Kyiv calls for NATO to secure Black Sea and integrate Ukrainian defences

Kyiv calls for NATO to secure Black Sea and integrate Ukrainian defences
The bulk carrier VALSAMITIS is loaded with wheat at the Black Sea port of Chornomorsk near Odesa, Ukraine, 18 February 2023 amid the Russian invasion. VALSAMITIS will deliver 25,000 tons of Ukrainian wheat to Kenya and 5,000 tons to Ethiopia within the framework of the Grain from Ukraine initiative thanks to donations from Great Britain, Norway, Belgium, the Netherlands, Switzerland, Italy, Slovenia, and the Czech Republic. The Grain From Ukraine program was initiated by Ukraine President Volodymyr Zelensky and is implemented with the support of the UN World Food Program and developed countries of the world.
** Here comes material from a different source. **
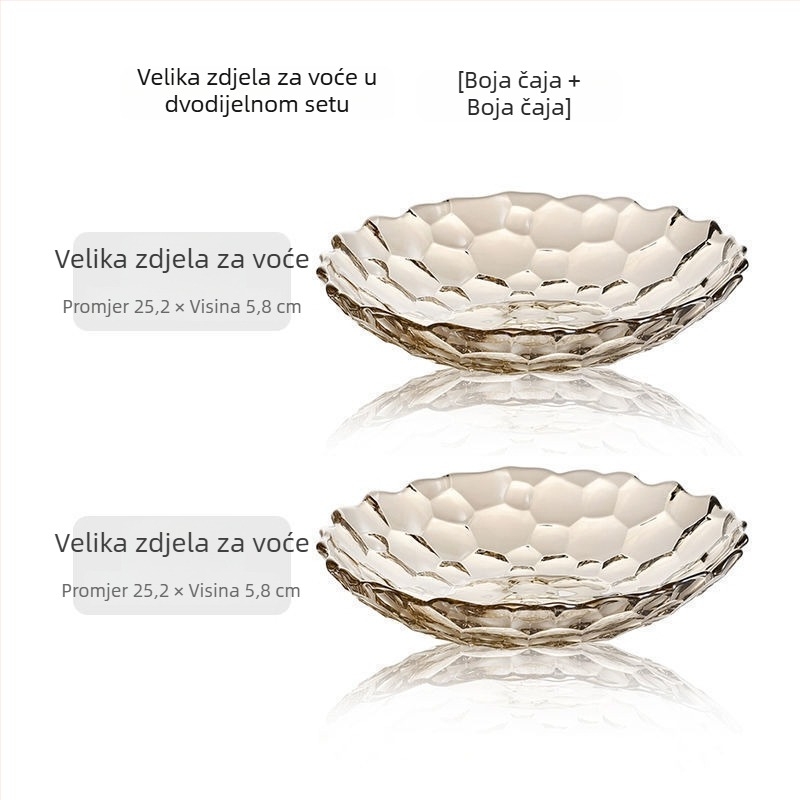 Keramička posuda za voće, vanjskog stila, prvoklasna kvaliteta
More than 30 countries have already joined the program, and the amount of donations is almost 200 million USD. Totally 746 ships left the ports of Greater Odesa framework of the Grain from Ukraine program exporting 21.5 million tons of Ukrainian food to the countries of Asia, Europe, and Africa as the Ministry of Infrastructure of Ukraine informed. EPA-EFE/IGOR TKACHENKO

BUCHAREST, April 13 - NATO should play a bigger role in security in the Black Sea, and integrate Ukraine's air and missile defences with those of alliance allies, Ukrainian Foreign Minister Dmitro Kuleba said on Thursday.

“The Black Sea is instrumental for making the whole of Europe peaceful and future-oriented,” Ukraine’s Foreign Minister Dmitro Kuleba, speaking via video link, told a Black Sea security conference in the Romanian capital Bucharest.

“Sadly, it is also a showcase of how rapidly things can deteriorate if one neglects threats. It’s time to turn the Black Sea into what the Baltic Sea has become, a sea of NATO.”

The remarks were brushed aside in Moscow, where Kremlin spokesman Dmitry Peskov told a briefing: “The Black Sea can never be a NATO sea.”

“This is a shared sea, it must be a sea of cooperation, interaction and security for all its littoral states. And this security is indivisible.”

The Black Sea and its Ukrainian coast have been crucial theatres of war since Russia’s invasion of Ukraine last year. Both Moscow and Kyiv rely on the sea for trade including supplying grain markets as two of the world’s biggest food exporters. A Russian blockade threatened to cause a global food crisis last year until the United Nations and Turkey brokered an agreement to keep ports open, still the focus of diplomacy.

“We need to address the common Russia problem together. For instance, I support the expert idea to integrate the air and missile defence systems of Ukraine with the ones of the Black and Baltic Sea NATO allies,” said Kuleba.

Russia’s Black Sea fleet is based in Crimea, the Ukrainian peninsula Moscow seized and annexed in 2014, and capturing Ukraine’s ports has been a major Russian objective. Since last year’s invasion, Moscow has seized the entire coast of the Sea of Azov that opens into the Black Sea, but its advance along the Black Sea coast was halted about 130 km east of Ukraine’s main port Odesa.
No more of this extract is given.